At the Department of Applied Mathematics at ANU, we have the necessary experimental aparatus and computing power combined with years of research experience in the field of granular materials to address some of the fundamental questions in this area. Students involved in this project will learn to design and perform experiments to understand the nature of forces in granular materials. Parallel to the experiments, students will learn common numerical techniques such as Molecular Dynamics and the Discrete Element Method to simulate packings of granular materials. These simulations will give us the flexibility of performing virtual experiments with controlled parameters to compare with real experiments and therefore validate the results.
Why does the English willow make the best cricket bat? Or does it?
English willow and Kashmir willow dominate the global market for cricket bats. Cricket bats made of English willow are said to the best. In this project we aim to find out why the English willow (salix alba var.caerulea) is the superior raw material to manufacture the first-class, test grade cricket bats.
The project employs a wide range of tools including micro-CT imaging technology and related analysing tools to investigate the unique properties of wood at the cellular scale.
A long term goal of this project is the identification of potential wood candidates to match the structural and mechanical properties possessed by the English willow.

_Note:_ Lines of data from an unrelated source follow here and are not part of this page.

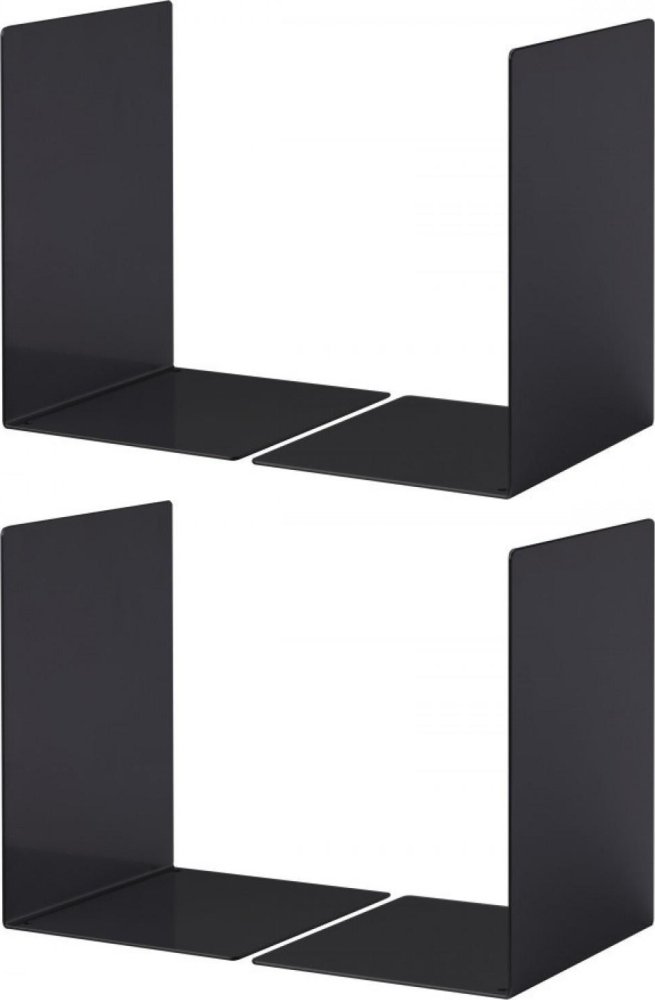 2x Podpórki do książek Durable, rozmiar L, 2 sztuki, czarny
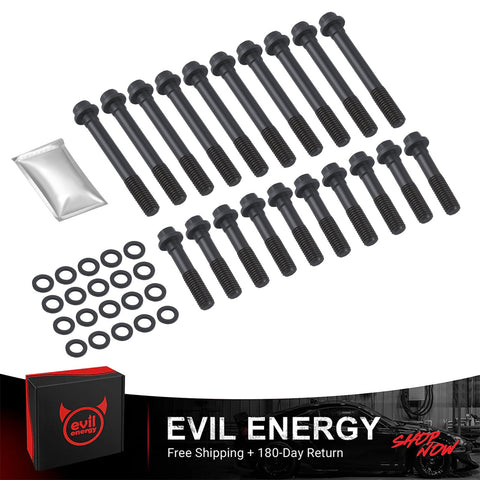 EVIL ENERGY High-Strength Cylinder Head Bolt Kit with Washers/Grease 210K PSI Fit for Ford 351W (1969-1997 5.8L Windsor)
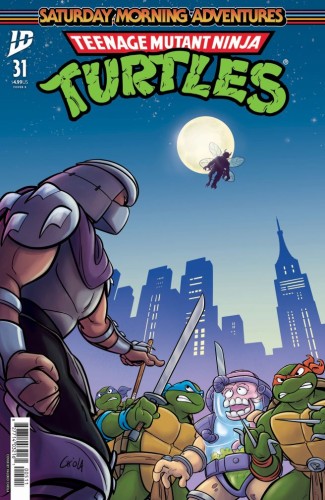 TEENAGE MUTANT NINJA TURTLES SATURDAY MORNING ADVENTURES #31 VARIANT B (CHIOLA )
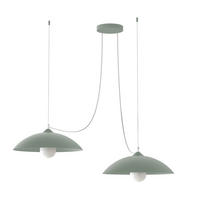 HÄNGELEUCHTE - Grün, Metall (40/40/9cm) - Lumicom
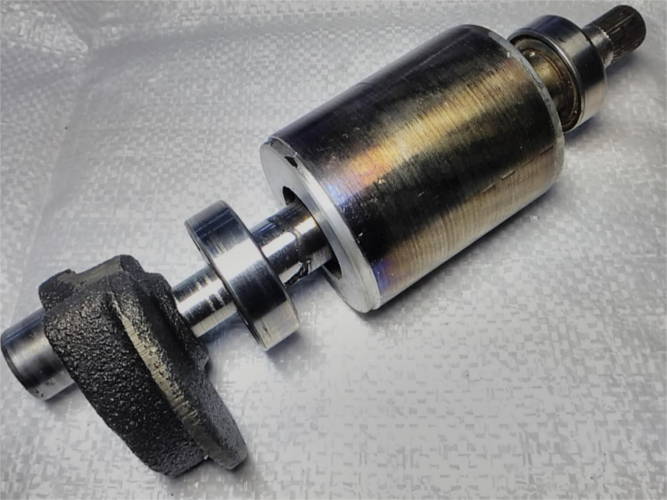 замена вала ротора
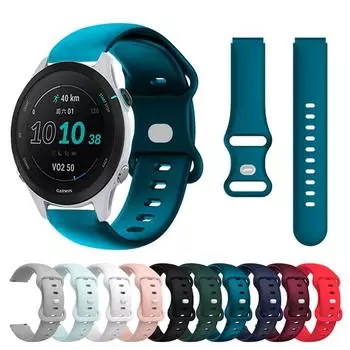 Ремешок для часов Forerunner 255S, ремешок для бега, быстросъемная застежка-бабочка, браслет для Garmin Venu2S 3S Actuve S, 18 мм For Forerunner 255S белый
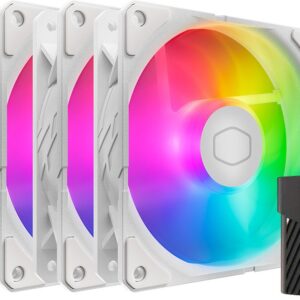 Wentylator Cooler Master SickleFlow Edge 120 ARGB Biały 3-pack + Hub (MFX-B2DW-253P2-R2)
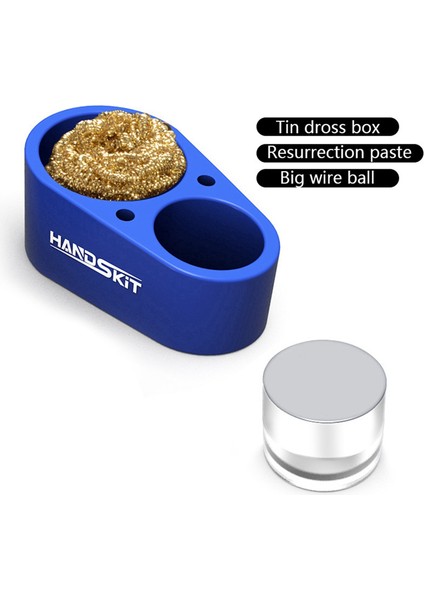 Handskıt 1 Takım Havya Kafa Silikon Cüruf Kutusu Kalay Giderici Temizleyici Topu Tel Teneke Cüruf Kutusu Siyah (Yurt Dışından) fırsatları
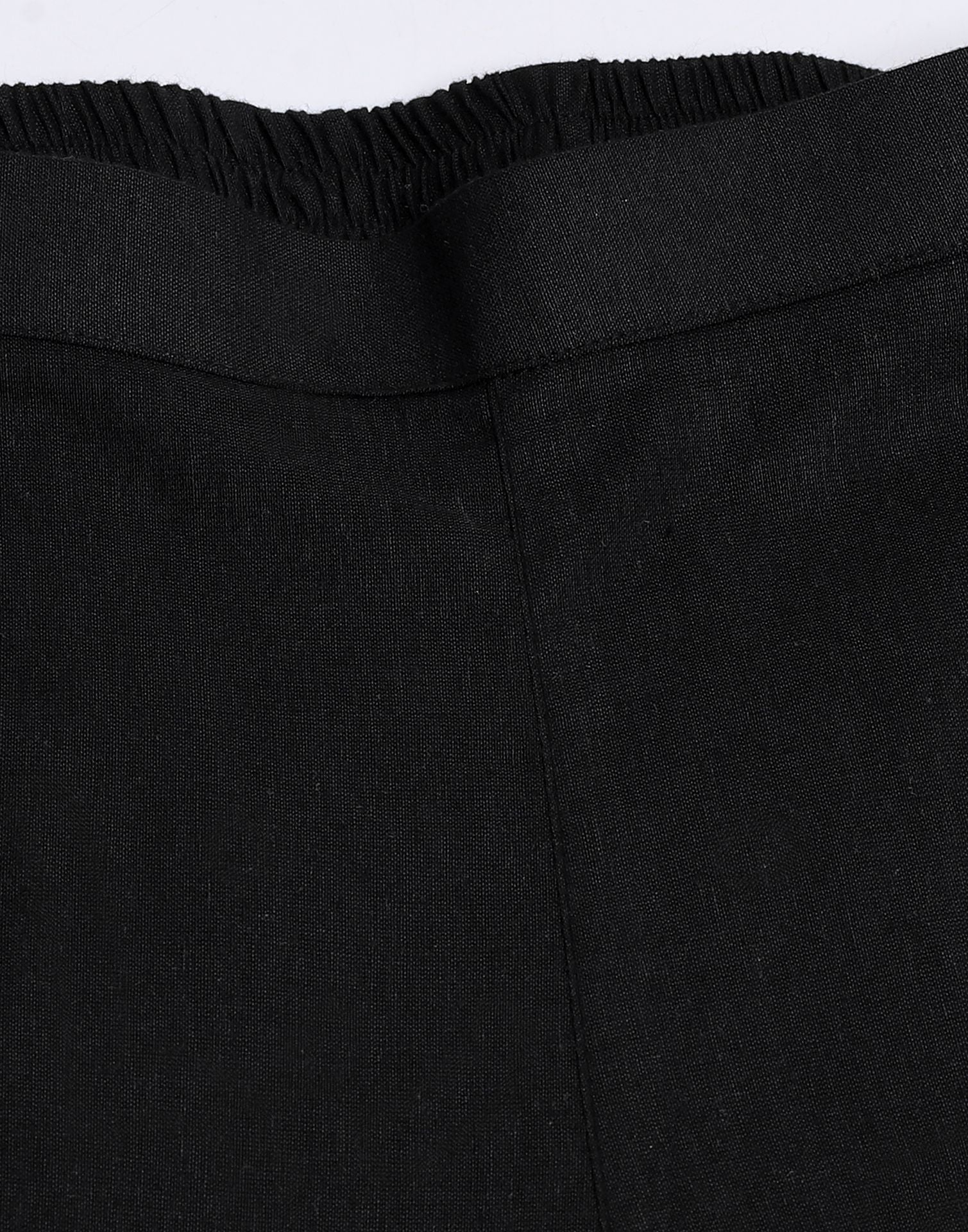Black Cotton Kurti With Pant And Dupatta | Sudathi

Revisiting a 19thCentury physics problem in solid mechanics: mapping forces in granular materials
Heinrich Rudolf Hertz, the great 19th century German physicist, worked out how two symmetric objects will behave under loading when placed in contact. Hertz summarised his research on contact mechanics in two important papers published between 1886-1889 which are amongst the most cited references in the field of solid mechanics and granular dynamics today. While Hertz's work was a first class pioneering research at the time, he nevertheless didn't address the complexity that arises when more than two axi-symmetric objects are in contact. This is especially important in understanding the mechanical stability of large assemblies of granulated systems. A detailed knowledge on the mechanics of such systems will help predict often catastrophic geological phenomena such as avalanches and slurries.
In this project, students will attempt to expand Hertz's original idea to include multiple solids as well as to understand the effect of adhesion in contact dynamics. During the course of this project, students will gain valuable experience working in a friendly and scientifically diverse environment while learning to use advanced equipment.
3D image segmentation using machine learning techniques
Using Artificial Intelligence (AI) for image classification and object recognition is not new. Many techniques and sophisticated software have been developed over the past decade to do just that. Extending some of the well established machine learning techniques to three dimensional images such as those made by micro-CT is a new challenge.
Image classification may be performed using supervised, unsupervised or semi-supervised learning techniques. In supervised learning, the system is presented with numerous examples of images that must be manually processed and labeled. Using this training data, a learned model is then generated and used to predict the features of unknown images.
Over the past 15 years, the X-ray CT machines at the Department of Applied Mathematics have been busy producing thousands of 3D images. A 3D image may be composed of multiple elements, minerals, alloys etc. Separating these components can be challenging and is certainly a laborious manual task in 3D.
In this project, the students will be working closely with the researchers to implement machine-learning techniques for material identification in 3D images.